Data for review Start Marker

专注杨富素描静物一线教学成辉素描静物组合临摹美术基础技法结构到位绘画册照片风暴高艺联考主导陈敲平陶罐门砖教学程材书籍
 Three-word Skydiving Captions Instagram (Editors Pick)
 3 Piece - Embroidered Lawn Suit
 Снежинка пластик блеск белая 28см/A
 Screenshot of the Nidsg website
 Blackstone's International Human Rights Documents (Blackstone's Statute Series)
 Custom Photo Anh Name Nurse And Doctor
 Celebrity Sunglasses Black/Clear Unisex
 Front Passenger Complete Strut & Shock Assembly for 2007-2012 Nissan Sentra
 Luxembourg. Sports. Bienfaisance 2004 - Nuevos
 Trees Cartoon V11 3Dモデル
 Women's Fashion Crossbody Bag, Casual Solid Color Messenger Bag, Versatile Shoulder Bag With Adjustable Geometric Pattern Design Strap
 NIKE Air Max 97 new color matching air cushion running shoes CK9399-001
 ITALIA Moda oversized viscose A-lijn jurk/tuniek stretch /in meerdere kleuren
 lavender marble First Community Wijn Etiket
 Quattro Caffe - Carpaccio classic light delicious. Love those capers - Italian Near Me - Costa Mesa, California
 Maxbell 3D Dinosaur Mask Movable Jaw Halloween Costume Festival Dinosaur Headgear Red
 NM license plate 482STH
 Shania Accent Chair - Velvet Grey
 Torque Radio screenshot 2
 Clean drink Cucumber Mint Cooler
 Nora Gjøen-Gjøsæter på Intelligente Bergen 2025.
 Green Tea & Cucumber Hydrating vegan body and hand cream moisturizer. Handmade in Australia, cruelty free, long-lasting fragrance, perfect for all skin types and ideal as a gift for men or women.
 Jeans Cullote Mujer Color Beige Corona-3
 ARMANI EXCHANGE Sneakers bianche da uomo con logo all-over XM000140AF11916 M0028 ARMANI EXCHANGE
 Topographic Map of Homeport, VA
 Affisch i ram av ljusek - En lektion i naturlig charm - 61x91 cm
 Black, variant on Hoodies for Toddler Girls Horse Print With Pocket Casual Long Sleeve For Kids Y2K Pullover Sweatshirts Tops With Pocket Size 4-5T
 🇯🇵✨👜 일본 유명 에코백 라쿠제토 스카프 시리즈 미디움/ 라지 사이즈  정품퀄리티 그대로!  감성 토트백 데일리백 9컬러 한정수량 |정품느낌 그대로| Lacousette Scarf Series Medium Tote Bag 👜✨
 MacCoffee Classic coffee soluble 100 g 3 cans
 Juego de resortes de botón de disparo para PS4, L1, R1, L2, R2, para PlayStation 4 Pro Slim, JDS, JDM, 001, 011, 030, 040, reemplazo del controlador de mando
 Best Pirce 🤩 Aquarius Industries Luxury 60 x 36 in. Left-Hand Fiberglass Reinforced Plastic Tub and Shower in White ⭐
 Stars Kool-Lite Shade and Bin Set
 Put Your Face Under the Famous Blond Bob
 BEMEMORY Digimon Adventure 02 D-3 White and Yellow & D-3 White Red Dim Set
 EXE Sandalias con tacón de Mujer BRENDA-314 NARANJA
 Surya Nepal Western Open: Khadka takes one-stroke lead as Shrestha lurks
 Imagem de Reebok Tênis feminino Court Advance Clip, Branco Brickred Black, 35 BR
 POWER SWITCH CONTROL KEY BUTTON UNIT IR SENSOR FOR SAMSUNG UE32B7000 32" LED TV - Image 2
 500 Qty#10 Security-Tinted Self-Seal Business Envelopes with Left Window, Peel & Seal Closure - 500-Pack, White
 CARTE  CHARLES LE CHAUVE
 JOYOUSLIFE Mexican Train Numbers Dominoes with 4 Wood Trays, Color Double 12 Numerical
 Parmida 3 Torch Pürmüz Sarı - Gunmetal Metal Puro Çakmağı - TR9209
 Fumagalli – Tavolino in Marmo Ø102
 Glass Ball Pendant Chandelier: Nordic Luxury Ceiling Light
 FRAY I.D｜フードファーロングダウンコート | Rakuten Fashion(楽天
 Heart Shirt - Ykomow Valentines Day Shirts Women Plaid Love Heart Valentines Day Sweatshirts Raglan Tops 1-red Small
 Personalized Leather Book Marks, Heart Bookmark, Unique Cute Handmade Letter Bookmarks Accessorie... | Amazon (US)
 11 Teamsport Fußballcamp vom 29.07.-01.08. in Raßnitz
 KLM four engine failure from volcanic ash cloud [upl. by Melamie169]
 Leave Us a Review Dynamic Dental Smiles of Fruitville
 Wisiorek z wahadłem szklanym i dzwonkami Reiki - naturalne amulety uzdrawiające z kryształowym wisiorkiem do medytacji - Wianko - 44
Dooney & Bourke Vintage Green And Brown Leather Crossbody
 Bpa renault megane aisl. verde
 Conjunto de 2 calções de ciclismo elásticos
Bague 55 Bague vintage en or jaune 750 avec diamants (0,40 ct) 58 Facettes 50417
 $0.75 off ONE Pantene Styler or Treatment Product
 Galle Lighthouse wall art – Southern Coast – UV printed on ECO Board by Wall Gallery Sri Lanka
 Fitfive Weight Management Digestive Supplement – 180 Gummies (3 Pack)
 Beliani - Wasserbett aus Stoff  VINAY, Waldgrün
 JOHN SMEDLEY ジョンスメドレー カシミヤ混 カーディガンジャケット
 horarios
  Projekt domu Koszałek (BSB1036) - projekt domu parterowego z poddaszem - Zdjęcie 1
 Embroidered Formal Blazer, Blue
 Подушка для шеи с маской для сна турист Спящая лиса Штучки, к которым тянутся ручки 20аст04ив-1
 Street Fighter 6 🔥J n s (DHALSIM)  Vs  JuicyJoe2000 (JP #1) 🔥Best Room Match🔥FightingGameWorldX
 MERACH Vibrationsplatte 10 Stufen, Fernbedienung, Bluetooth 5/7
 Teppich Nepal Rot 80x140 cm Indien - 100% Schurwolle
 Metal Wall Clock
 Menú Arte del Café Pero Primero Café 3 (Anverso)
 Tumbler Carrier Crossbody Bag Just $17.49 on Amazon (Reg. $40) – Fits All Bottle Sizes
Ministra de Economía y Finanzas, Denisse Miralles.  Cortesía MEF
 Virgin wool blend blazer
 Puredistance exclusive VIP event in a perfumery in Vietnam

Data for review End Marker

Problem details:
Find the word "Nepal" in the records. Copy every line it appears in.

Expected answer:
 Surya Nepal Western Open: Khadka takes one-stroke lead as Shrestha lurks
 Teppich Nepal Rot 80x140 cm Indien - 100% Schurwolle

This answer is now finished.